[Items listed in a dataset]
++++++++++
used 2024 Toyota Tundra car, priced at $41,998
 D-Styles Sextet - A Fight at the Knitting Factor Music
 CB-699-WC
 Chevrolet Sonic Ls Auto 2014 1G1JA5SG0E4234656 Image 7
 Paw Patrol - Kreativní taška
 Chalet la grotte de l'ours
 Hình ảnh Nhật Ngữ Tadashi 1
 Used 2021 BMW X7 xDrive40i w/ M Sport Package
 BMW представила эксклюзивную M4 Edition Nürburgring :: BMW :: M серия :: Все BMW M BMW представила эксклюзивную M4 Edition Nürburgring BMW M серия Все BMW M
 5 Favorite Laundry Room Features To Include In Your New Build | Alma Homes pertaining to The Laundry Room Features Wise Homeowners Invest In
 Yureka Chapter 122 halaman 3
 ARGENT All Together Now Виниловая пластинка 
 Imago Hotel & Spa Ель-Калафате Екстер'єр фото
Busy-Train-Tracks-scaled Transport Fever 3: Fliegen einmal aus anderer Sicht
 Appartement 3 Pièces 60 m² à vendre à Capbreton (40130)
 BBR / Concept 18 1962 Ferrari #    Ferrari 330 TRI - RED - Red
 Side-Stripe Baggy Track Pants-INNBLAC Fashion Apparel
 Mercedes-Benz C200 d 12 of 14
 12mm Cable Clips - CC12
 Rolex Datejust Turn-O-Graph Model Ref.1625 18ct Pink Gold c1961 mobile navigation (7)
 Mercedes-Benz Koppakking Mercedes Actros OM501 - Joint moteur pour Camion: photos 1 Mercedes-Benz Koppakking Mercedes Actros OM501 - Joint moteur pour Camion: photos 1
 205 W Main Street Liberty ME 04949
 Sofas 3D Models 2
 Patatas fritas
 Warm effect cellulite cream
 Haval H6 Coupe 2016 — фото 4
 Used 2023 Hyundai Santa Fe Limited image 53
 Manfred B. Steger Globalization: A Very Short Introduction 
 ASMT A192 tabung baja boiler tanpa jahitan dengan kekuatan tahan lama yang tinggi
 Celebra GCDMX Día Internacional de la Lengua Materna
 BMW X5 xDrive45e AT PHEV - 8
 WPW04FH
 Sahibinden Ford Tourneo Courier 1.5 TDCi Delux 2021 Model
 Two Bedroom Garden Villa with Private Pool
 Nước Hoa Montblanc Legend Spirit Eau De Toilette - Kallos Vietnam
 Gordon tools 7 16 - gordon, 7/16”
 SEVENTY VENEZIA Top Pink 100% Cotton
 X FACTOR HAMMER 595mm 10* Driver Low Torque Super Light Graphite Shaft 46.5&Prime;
++++++++++
• What to produce
From the records above, repeat exactly the lines from the one with "Paw Patrol - Kreativní taška" through the one with "BMW представила эксклюзивную M4 Edition Nürburgring :: BMW", both included.

• Answer space
 Paw Patrol - Kreativní taška
 Chalet la grotte de l'ours
 Hình ảnh Nhật Ngữ Tadashi 1
 Used 2021 BMW X7 xDrive40i w/ M Sport Package
 BMW представила эксклюзивную M4 Edition Nürburgring :: BMW :: M серия :: Все BMW M BMW представила эксклюзивную M4 Edition Nürburgring BMW M серия Все BMW M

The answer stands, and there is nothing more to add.